From Equations (3), (8) and (9), the equation for the acceleration of the multicopter in the inertial frame is derived as (Choi et al., 2019)

(13)\begin{align}m{R^T}\ddot{p} & = F + m{R^T}{g^o}\end{align}

(14)\begin{align}\ddot{p} & = {g^o} + \frac{1}{m}RF.\end{align}

Additionally, the equation for the angular acceleration of the multicopter in the inertial frame is derived as (Choi et al., 2019)

(15)\begin{align}I(C\ddot{\eta } + \dot{C}\dot{\eta }) + C\dot{\eta } \times (IC\dot{\eta }) = Q - C\dot{\eta } \times {I_R}{\Omega _R}\end{align}

(16)\begin{align}\ddot{\eta } = {(IC)^{ - 1}}(Q - I\dot{C}\dot{\eta } - C\dot{\eta } \times (IC\dot{\eta } + {I_R}{\Omega _G}))\end{align}

Using the output of each rotor derived through the above process, the direction of movement of the multicopter motion can be controlled by the rotations of the four rotors, as shown in Figure 2.

Figure 2. Multicopter movement direction with respect to the rotation direction of the rotor

The red and blue arrows in Figure 2 each mean high-speed rotation and low-speed rotation, respectively. As shown in Figure 2, the multicopter can control the direction of movement by controlling the rotational speed of each rotor. For example, if f _m1 and f _m2 rotate at low speed and f _m3 and f _m4 rotate at high speed, as shown in ② (Forward) in Figure 2, the aircraft tilts forward and moves forward.

3. Landing algorithm

3.1 Multicopter heading estimation

To apply the strength of the RF signal to the positioning of the target object, a schedule and relationship between the strength of the signal and distance must be determined.

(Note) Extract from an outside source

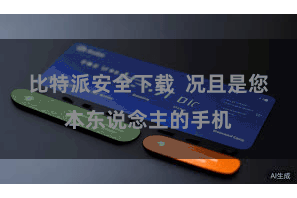 比特派安全下载  况且是您本东说念主的手机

From various studies (Zhao et al., 2018; Li et al., 2020; Shin et al., 2020), it can be seen that the strength of the RF signal is inversely proportional to the distance transmitted by the radio wave. Using this characteristic, the distance information between the two nodes can be obtained from the strength of the received RF signal.

To convert the strength of the RF signal into distance information, a path-loss model is required. When using the RSSI method, the free-space path-loss model in an ideal free space can be derived through the Friis formula as (Jeon and Kim, 2011; Kim and Kim, 2011)

(17)\begin{equation}{P_r} = {P_t}\frac{{{G_t}{G_r}{\alpha ^2}}}{{{{(4\pi d)}^2}}}\end{equation}

where${P_r}$ is the received power, ${P_t}$ is the transmitted power, ${G_t},\,{G_r}$ is the antenna gain, $\alpha$ is the wavelength of the radio wave and d is the distance between the two nodes. If the antenna gain ${G_t},\,{G_r}$ is not considered in Equation (17), the path loss $P{L_F}$ in free space can be defined as (Kim and Kim, 2011)

(18)\begin{equation}P{L_F}[dB] = 10\log \frac{{{P_t}}}{{{P_r}}} ={-} 10\log {\left( {\frac{\alpha }{{4\pi d}}} \right)^2}\end{equation}

In most path-loss models and free-space path-loss models, the average power decreases logarithmically with distance. This loss model is called the log distance path-loss model and can be defined as (Yi and Kim, 2017)

(19)\begin{equation}PL(d) = PL({d_0}) + 10n\log {\left( {\frac{d}{{{d_0}}}} \right)^2}\end{equation}

where ${d_0}$ is the reference distance $({d_0} < d)$, $PL({d_0})$ is the path loss at the reference distance and n is the path loss coefficient.

The path-loss coefficient is generally 2 in free space, 2 ⋅ 7–3 ⋅ 5 in urban areas and 1 ⋅ 6–1 ⋅ 8 indoors. Because the multicopter landing experiment in this study was conducted outdoors, the path-loss coefficient range was based on the coefficient value in the city centre and the optimal path-loss coefficient value was selected through the experiment.

When the reference distance ${d_0}$ is set to 1 m in Equation (19), the strength of the RF signal can be defined as (Wang et al., 2013a, 2013b)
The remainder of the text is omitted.